- Directed by: Paul Seydor
- Produced by: Nick Redman Paul Seydor
- Narrated by: Nick Redman
- Edited by: Paul Seydor
- Production company: Tyrus Entertainment
- Distributed by: Warner Bros.
- Release date: November 1996;
- Running time: 34 minutes
- Country: United States
- Language: English

= The Wild Bunch: An Album in Montage =

1996 film

The Wild Bunch: An Album in Montage is a 1996 American short documentary film directed and edited by Paul Seydor.
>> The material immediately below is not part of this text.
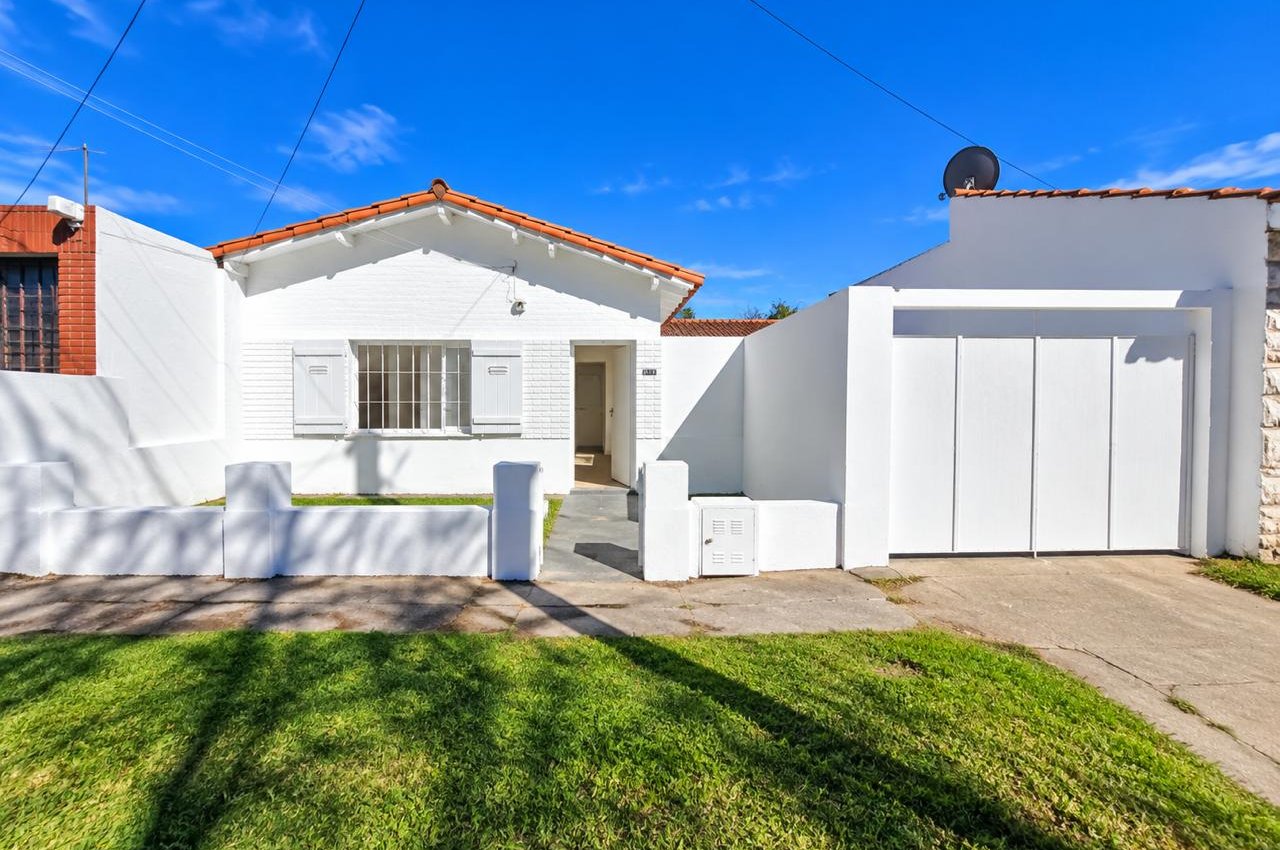 VENTA Casa 3AMB Diag. Garibaldi 5600 VENTA Casa 3AMB Diag. Garibaldi 5600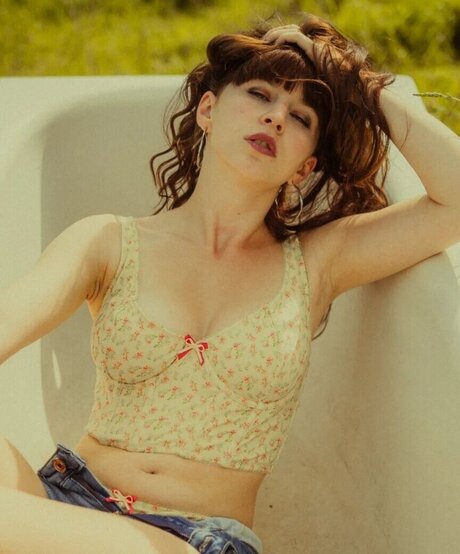 pom-pom girl nue onlyfans la plus belle archive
The occasion for the creation of this documentary was the discovery of 72 minutes of silent black-and-white 16 mm film footage of Sam Peckinpah and company on location in northern Mexico during the filming of The Wild Bunch.

==Cast==
Source:
- Walon Green as himself (voice)
- Newell Alexander as Cliff Coleman, William Holden (voice)
- Edmond O'Brien as himself (voice)
- James R. Silke as Friend / colleague (voice) (as Jim Silke)
- Mitch Carter as Gordon Dawson, Strother Martin (voice)
- Jerry Fielding as himself (voice)
- Sharon Peckinpah as herself (voice)
- L. Q. Jones as himself (voice)
- Ernest Borgnine as himself (voice)
- Peter Rainer as Bud Hulburd (voice)
- Ed Harris as Sam Peckinpah (voice)

==Reception==
Michael Sragow wrote that the film is "a wonderful introduction to Peckinpah’s radically detailed historical film about American outlaws in revolutionary Mexico — a masterpiece that’s part bullet-driven ballet, part requiem for Old West friendship and part existential explosion. Seydor’s movie is also a poetic flight on the myriad possibilities of movie directing." Seydor and Redman were nominated for the Academy Award for Best Documentary (Short Subject).

==Home media==
The documentary was included on the 2006 and 2007 DVD and Blu-ray releases of The Wild Bunch.